Шведский режиссер Рой Андерсон – фигура в современном кинематографе удивительная: одни критики взахлеб превозносят его как последнего автора, другие, приводя те же аргументы, считают его «не титаном, но белой вороной».
Тучный человек на кухне в пастельных цветах пытается открыть бутылку вина и это усилие становится последним в его жизни. Два брата и сестра собираются у смертного одра матери, которая решила забрать с собой в лучший из миров все лучшее, что она нажила за долгую жизнь – золотые часы покойного мужа, перстень и конверт с 70 тысячами крон. Обслуга большого парома оказывается в затруднительном положении: пассажир, оплативший бутерброд с креветками и бокал пива, умер, а взымать плату во второй раз они не имеют права. Двое коммивояжеров с лицами печальных клоунов пытаются втюхать всем подряд всяческую дребедень: вампирскую челюсть в трех модификациях, мешочек смеха и маску однозубого старика. Делают они это под бесконечно, как мантру, повторяемую фразу о том, что они хотят нести людям веселье. Король Карл XII вторгается в некое питейное заведение и уводит с собой на поле боя молодого и красивого бармена. Спустя некоторое время армия короля по той же улице возвращается после разгрома под Полтавой.

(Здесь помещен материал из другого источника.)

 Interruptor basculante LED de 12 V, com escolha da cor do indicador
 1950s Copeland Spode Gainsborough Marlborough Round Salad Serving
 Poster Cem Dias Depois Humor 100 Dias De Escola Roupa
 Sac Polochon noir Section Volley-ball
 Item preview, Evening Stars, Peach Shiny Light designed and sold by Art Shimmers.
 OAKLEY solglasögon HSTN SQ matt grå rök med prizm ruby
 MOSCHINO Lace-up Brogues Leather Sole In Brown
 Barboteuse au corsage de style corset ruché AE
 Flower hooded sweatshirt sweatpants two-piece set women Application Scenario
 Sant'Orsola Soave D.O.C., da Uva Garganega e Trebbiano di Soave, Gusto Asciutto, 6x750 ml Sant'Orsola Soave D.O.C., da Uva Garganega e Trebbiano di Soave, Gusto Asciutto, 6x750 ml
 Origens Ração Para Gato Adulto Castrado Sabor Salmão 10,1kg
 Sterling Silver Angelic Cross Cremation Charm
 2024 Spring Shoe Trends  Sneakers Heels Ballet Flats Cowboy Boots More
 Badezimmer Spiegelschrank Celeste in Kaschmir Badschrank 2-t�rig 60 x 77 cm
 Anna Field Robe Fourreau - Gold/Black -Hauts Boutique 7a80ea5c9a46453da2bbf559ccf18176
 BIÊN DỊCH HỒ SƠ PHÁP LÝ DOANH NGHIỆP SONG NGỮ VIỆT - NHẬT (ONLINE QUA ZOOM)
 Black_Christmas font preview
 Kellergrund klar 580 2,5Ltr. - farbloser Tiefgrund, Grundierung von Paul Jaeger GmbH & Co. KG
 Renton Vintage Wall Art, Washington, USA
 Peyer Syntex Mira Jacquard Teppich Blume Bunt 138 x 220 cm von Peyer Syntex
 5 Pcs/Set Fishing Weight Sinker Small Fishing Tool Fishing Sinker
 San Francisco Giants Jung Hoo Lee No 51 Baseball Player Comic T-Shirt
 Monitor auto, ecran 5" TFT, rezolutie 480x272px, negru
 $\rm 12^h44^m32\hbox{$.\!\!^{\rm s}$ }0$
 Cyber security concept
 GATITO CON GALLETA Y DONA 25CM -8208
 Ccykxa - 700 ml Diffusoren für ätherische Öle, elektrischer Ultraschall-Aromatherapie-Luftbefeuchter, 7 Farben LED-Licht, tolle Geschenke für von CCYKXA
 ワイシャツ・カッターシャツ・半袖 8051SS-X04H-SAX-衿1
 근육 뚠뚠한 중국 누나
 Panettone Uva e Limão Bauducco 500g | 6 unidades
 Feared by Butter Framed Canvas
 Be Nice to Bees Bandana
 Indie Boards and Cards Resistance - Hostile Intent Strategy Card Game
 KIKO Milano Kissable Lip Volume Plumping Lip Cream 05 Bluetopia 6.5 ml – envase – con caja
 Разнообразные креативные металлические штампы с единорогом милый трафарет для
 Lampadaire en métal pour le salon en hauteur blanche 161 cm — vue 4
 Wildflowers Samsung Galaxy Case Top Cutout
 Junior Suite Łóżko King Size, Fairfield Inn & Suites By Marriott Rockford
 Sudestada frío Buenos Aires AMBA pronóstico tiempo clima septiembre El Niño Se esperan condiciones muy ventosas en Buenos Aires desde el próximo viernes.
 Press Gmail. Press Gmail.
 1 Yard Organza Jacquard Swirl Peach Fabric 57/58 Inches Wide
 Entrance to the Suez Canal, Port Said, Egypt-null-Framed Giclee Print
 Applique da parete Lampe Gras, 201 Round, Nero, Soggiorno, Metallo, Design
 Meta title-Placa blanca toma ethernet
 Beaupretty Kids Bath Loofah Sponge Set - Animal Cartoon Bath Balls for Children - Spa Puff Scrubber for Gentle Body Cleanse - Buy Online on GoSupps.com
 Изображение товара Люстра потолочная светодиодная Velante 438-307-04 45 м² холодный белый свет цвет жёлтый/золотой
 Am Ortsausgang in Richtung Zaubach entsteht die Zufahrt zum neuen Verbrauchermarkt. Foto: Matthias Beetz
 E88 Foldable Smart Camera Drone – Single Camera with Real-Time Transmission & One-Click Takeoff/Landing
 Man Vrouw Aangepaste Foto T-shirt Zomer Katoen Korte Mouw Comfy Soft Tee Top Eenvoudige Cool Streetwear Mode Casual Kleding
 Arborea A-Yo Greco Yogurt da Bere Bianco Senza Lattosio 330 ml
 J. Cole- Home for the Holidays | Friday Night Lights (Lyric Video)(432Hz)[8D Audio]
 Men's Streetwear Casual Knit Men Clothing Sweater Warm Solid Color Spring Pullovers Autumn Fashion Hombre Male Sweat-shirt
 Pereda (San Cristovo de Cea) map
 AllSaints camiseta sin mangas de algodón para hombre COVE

Попытаться написать краткую аннотацию фильмов Андерсона – задача неблагодарная. По многим причинам. Трилогия, которая и составила славу Андерсона и завершаемая «Голубем сидящим на ветке», снята по одному формальному принципу: все три фильма состоят из множества скетчей разной длины и самодостаточности, связывают которые или же сквозные персонажи (в данном случае – те самые торговцы весельем) или сквозная музыкальная тема (при этом мелодия может служить как кабацкой песне о том, что с хромой Лоттой можно расплатиться поцелуем, так и маршем армии короля Карла), и, конечно же – сквозной темой. Тема же у всех трёх лент трилогии Андерсона (первые два – «Песни со второго этажа» и «Ты, живущий») в принципе одна - конец истории, закат человечества по вине падения нравов и обмельчания каждого человека по отдельности. Возможны вариации. Изобразительная сторона трилогии также крайне унифицирована: статическая камера (в «Голубе» она не сдвинется с места ни разу), пастельная цветовая гамма и максимальная глубина кадра, невольно переключающая внимание зрителя на второй план. Да и заглавный голубь напомнит о своем присутствии всего раза три за весь фильм характерным воркованием. Вот такая вот веселуха! Так что кто из упомянутых в начале критиков прав, решайте сами. Если осмелитесь.